The data must be returned in full, with no character altered.

*** TASK MATERIAL ***

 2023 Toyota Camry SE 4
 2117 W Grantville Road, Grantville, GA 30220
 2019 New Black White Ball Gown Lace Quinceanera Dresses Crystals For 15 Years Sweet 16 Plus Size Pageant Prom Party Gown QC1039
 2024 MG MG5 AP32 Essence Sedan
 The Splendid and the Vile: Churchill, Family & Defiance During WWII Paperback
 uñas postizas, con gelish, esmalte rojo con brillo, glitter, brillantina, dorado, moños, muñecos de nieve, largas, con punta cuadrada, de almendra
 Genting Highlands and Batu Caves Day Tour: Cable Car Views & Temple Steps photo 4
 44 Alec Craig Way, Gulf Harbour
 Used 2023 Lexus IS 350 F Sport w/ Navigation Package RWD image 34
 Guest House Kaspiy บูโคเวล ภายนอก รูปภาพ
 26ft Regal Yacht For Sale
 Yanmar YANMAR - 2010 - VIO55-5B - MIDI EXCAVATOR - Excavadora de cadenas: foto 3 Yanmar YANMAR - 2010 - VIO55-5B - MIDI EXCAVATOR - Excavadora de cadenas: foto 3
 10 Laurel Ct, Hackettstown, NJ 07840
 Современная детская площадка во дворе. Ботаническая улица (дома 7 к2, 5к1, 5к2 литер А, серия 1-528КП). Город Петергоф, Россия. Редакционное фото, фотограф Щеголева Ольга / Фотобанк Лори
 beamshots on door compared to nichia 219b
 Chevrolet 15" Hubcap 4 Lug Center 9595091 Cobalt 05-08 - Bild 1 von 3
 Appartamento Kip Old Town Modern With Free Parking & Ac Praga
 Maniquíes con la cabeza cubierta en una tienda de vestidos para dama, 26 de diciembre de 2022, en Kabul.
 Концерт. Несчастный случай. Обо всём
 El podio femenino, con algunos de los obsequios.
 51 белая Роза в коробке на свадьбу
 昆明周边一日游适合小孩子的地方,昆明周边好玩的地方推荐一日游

***

• WORKED SOLUTION
 2023 Toyota Camry SE 4
 2117 W Grantville Road, Grantville, GA 30220
 2019 New Black White Ball Gown Lace Quinceanera Dresses Crystals For 15 Years Sweet 16 Plus Size Pageant Prom Party Gown QC1039
 2024 MG MG5 AP32 Essence Sedan
 The Splendid and the Vile: Churchill, Family & Defiance During WWII Paperback
 uñas postizas, con gelish, esmalte rojo con brillo, glitter, brillantina, dorado, moños, muñecos de nieve, largas, con punta cuadrada, de almendra
 Genting Highlands and Batu Caves Day Tour: Cable Car Views & Temple Steps photo 4
 44 Alec Craig Way, Gulf Harbour
 Used 2023 Lexus IS 350 F Sport w/ Navigation Package RWD image 34
 Guest House Kaspiy บูโคเวล ภายนอก รูปภาพ
 26ft Regal Yacht For Sale
 Yanmar YANMAR - 2010 - VIO55-5B - MIDI EXCAVATOR - Excavadora de cadenas: foto 3 Yanmar YANMAR - 2010 - VIO55-5B - MIDI EXCAVATOR - Excavadora de cadenas: foto 3
 10 Laurel Ct, Hackettstown, NJ 07840
 Современная детская площадка во дворе. Ботаническая улица (дома 7 к2, 5к1, 5к2 литер А, серия 1-528КП). Город Петергоф, Россия. Редакционное фото, фотограф Щеголева Ольга / Фотобанк Лори
 beamshots on door compared to nichia 219b
 Chevrolet 15" Hubcap 4 Lug Center 9595091 Cobalt 05-08 - Bild 1 von 3
 Appartamento Kip Old Town Modern With Free Parking & Ac Praga
 Maniquíes con la cabeza cubierta en una tienda de vestidos para dama, 26 de diciembre de 2022, en Kabul.
 Концерт. Несчастный случай. Обо всём
 El podio femenino, con algunos de los obsequios.
 51 белая Роза в коробке на свадьбу
 昆明周边一日游适合小孩子的地方,昆明周边好玩的地方推荐一日游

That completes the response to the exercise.